# V-Brake: Tektro RX5 vs TRP cx8.4 Opinions?



## rallyrabbit (Aug 15, 2009)

Hi all, last question on V-Brakes, I promise. I am trying to do research to stop wasting money on V-Brakes. I used some Tektro RX5 for 1.5 seasons before they mechanically fell apart. I replaced them with Tektro BX3v, which are crappy in comparison (spring sucks, doesn't stay adjusted).

So, I have SRAM Force levers. So that rules out the TRP cx9 and RX6, they are 90mm and designed for Shimano levers. TRP says the cx8.4 is designed for Campy/SRAM levers with 84mm arms. While the Tektro RX5 have 85mm arms.

So, I have read the TRP reviews:
Bike Habit: TRP CX9 and Tektro 926 Mini V Brakes for Cross
TRP CX8.4 Cyclocross Linear-Pull Brakes - Bike Hugger

So, does 1mm make any difference? How about the symmetrical vs asymmetrical design of teh TRP vs Tektro. It is a cost of $30 per set for Tektro vs $120+ for the TRP.

So, any thoughts?


----------



## AndrwSwitch (May 28, 2009)

I have a set of BX3vs. It's the same arm as the RX5. I like them a lot.

I don't think the 1mm is very important. The action of the brake has a lot to do with the total length of the arm. You're looking at a change of just over 1%. But, I haven't compared the brakes back-to-back. Maybe there's something magical about TRPs that make them worth the extra. I already have a fiancee and I realized a long time ago that there are very few girls who'd be impressed by one brake over the other anyway, so no issues of which one might get me laid.


----------



## OnTheRivet (Sep 3, 2004)

I'm running the 926's which have 80mm arms. If you don't plan on running a tire bigger than a 34mm these are the way to go in my opinion, especially with SRAM. They still have ridiculous power but that extra 4mm helps with clearance and wheel changes. As I said before they aren't trick looking but with anodized aluminum mounting bolts they look cool and weigh mere grams more than the 8.4's at a fraction of the cost.


----------



## GreenLightGo (Jul 30, 2008)

FWIW, if you watch the TRP video on the 8.4, the guy mentions the 9.0 is for those who want a more immediate braking feel, not necessarily SRAM vs. Shimano levers. I've got Rival levers with the CX 9s and don't have an issue with braking. There isn't as much pad clearance as one might want for a muddy area but I hear CO races tend to be dry.


----------



## holy cromoly (Nov 9, 2008)

Thank you for the link on the 8.4 brakes. Seems very promising over my BX3v, which I have never been happy with, even with V-brake drop levers on my SS setup.


----------



## rallyrabbit (Aug 15, 2009)

Here's another article on the cx8.4:
TRP CX8.4 Cyclo-cross Brake Review - BikeRadar

Outside of those three articles, a few from Europe I found when I was over there recently:
TRP CX8.4 Mini Linear Pull Brakes :: 29inCH

Also, asked TRP for differences, they claim that the arm is more stiff giving a more stable braking feel, alogn with better spring components, ti hardware, etc.


----------



## Snufkin (May 16, 2008)

I have the RX 5s and the 8.4s, and they both work well. The 8.4s certainly look cool and are a little punchier, I don't know how much of that is down to the better quality pads. The TRPs were nicer to set up, less fiddling with spring tension. If you can afford them I'd go with the TRPs but if you are on a budget the RX5s will serve you well.


----------



## rmp (Aug 25, 2004)

I have the RX5s. Braking power is effortless (and STRONG), but the bushing play that has developed in the front is annoying. Yeah, I could move it to the back and move the rears up front, but it still bugs me to know it's there.
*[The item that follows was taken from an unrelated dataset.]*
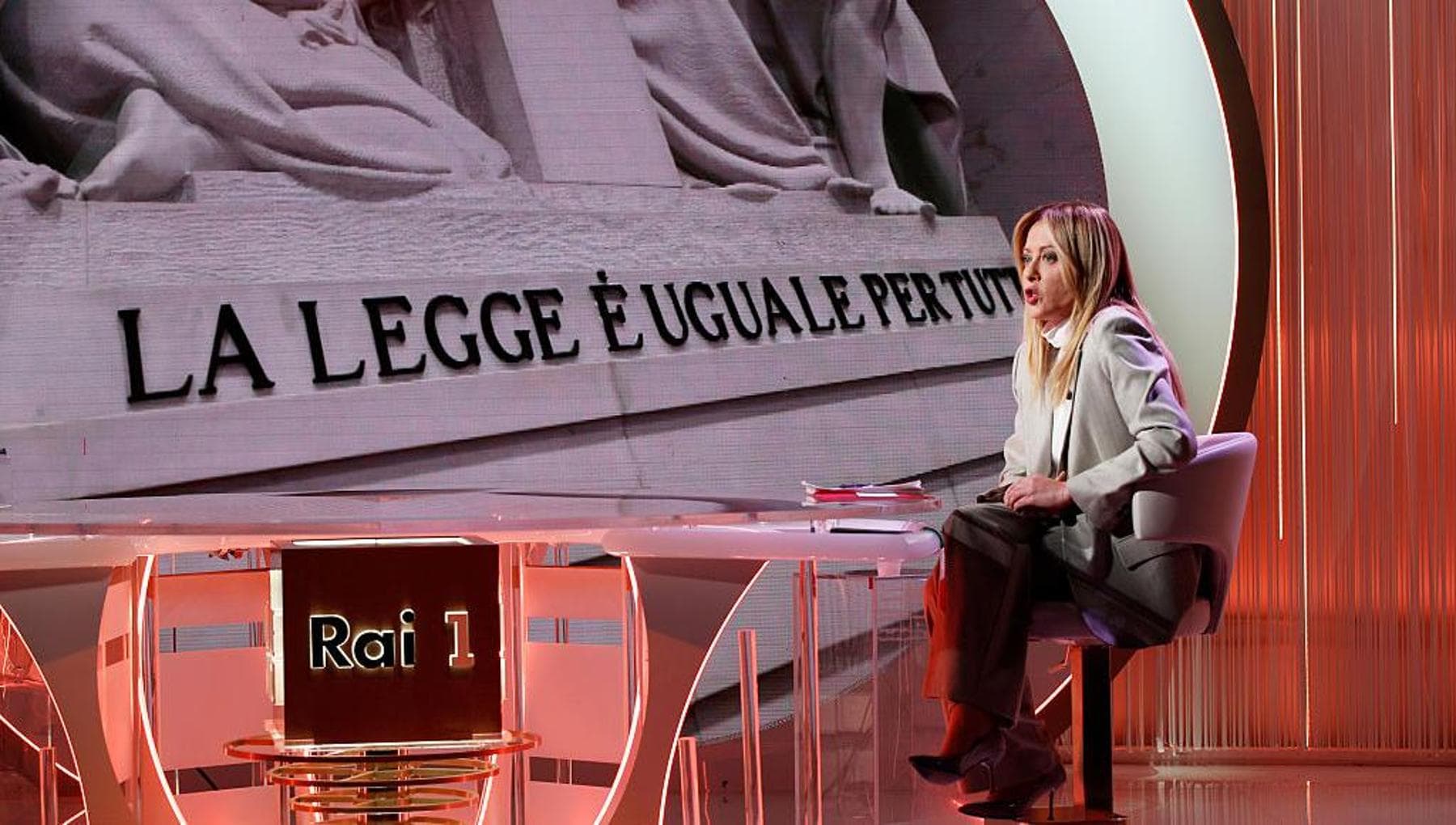 La democrazia di Meloni: con la vittoria del Sì il cavallo di Caligola sarebbe rimasto senatore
One caveat is that I bought these used, so while they look pretty much new, I have no idea how many miles they had on them before the bushing play developed. The front of the bike is pretty stout (CruX with tapered head tube), so even that little bushing play is very noticeable.

rmp


----------



## jkretsch (Aug 30, 2004)

OnTheRivet said:


> I'm running the 926's which have 80mm arms. If you don't plan on running a tire bigger than a 34mm these are the way to go in my opinion, especially with SRAM. They still have ridiculous power but that extra 4mm helps with clearance and wheel changes. As I said before they aren't trick looking but with anodized aluminum mounting bolts they look cool and weigh mere grams more than the 8.4's at a fraction of the cost.


Actually the 926 complete set is 10 grams lighter than the complete TRP set. I have both and weighed them myself.


----------